Un marché tiraillé entre données macro et prime de risque énergétique
La Bourse de Paris restait prudente vendredi matin, les investisseurs pesant des nouvelles favorables sur l'inflation américaine contre une remontée des prix du pétrole susceptible de faire repartir les inquiétudes sur les taux et la croissance mondiale.
Vers 10h40 (heure de Paris), le CAC 40 perdait 0,09% à 8 642,75 points, après une séance précédente soldée par une baisse de 0,28% (clôture à 8 650,56 points). Ces variations traduisent une architecture du marché où toute information susceptible d'infléchir la trajectoire des taux d'intérêt est scrutée.
Des indices américains qui apaisent… pour l'instant
De nouvelles statistiques américaines ont conforté les espoirs d'un ralentissement de l'inflation : l'indice des prix à la production (PPI) est resté stable en juillet aux États-Unis, confirmant la tendance de l'indice CPI publié la veille qui avait montré une légère détente côté consommateur. Ces éléments réduisent, à court terme, la probabilité d'une nouvelle hausse des taux de la Réserve fédérale dès septembre.
« La prime de risque liée au détroit d'Ormuz n'a pas disparu », a noté Patrick Munnelly, de Tickmill Group.
…mais le pétrole maintient la menace
Plusieurs analystes rappellent que les chiffres d'inflation ont été publiés dans un contexte de baisse des prix de l'essence, ce qui atténue leur portée réelle si l'énergie repartait à la hausse.
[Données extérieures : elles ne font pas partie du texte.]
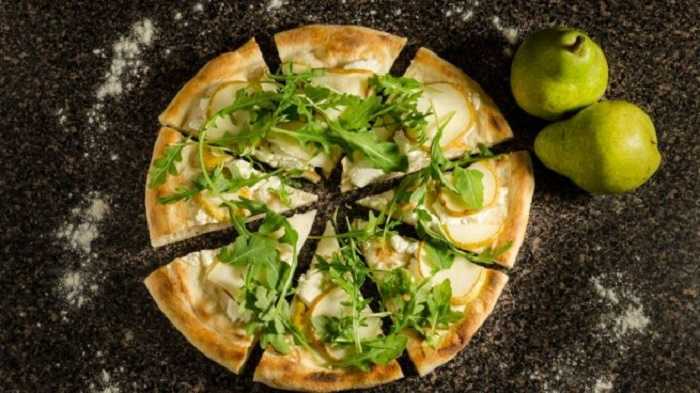Pizza de pera con queso de cabra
Le pétrole demeure un facteur de prudence : une remontée significative des cours pourrait rapidement inverser la détente observée sur les marchés d'actions en ravivant les craintes d'inflation et de nouvelles hausses de taux.
- Facteurs favorables : stabilisation du PPI en juillet et légère détente du CPI.
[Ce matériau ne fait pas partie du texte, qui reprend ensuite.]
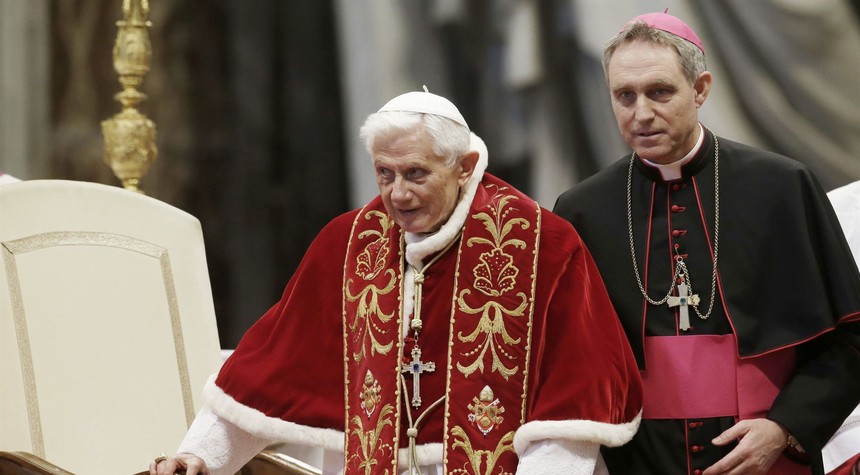 Papa Bento XVI lança bomba póstuma na Igreja Católica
- Facteurs défavorables : reprise des prix du brut et tensions géopolitiques liées notamment au détroit d'Ormuz.
- Conséquence potentielle : volatilité accrue et retournement de la tendance si le pétrole atteint de nouveaux sommets.
Contexte géopolitique et réactions
La montée des tensions au Moyen-Orient pèse sur les anticipations : le secrétaire américain au Trésor a évoqué des mesures visant à isoler économiquement l'Iran et un blocus partiel dans le détroit d'Ormuz, point névralgique pour le commerce mondial d'hydrocarbures. Pour plusieurs intervenants de marché, le maintien des actions malgré ces risques indique que les investisseurs privilégient pour l'instant l'amélioration des données d'inflation américaines.
| Indicateur | Valeur |
|---|---|
| CAC 40 (10h40) | 8 642,75 pts (-0,09%) |
| Clôture veille | 8 650,56 pts (-0,28%) |
Enfin, au sein du compartiment parisien, certaines valeurs ont enregistré des mouvements notables, à l'image du laboratoire franco-autrichien Valneva qui s'est distingué à la hausse, sans que cela suffise à infléchir la tendance générale du marché.
En résumé, la Bourse de Paris reste dans l'expectative : l'amélioration récente des données d'inflation américaines offre un répit, mais la hausse des prix de l'énergie et les tensions géopolitiques pourraient rapidement rebattre les cartes et ramener la volatilité sur les indices.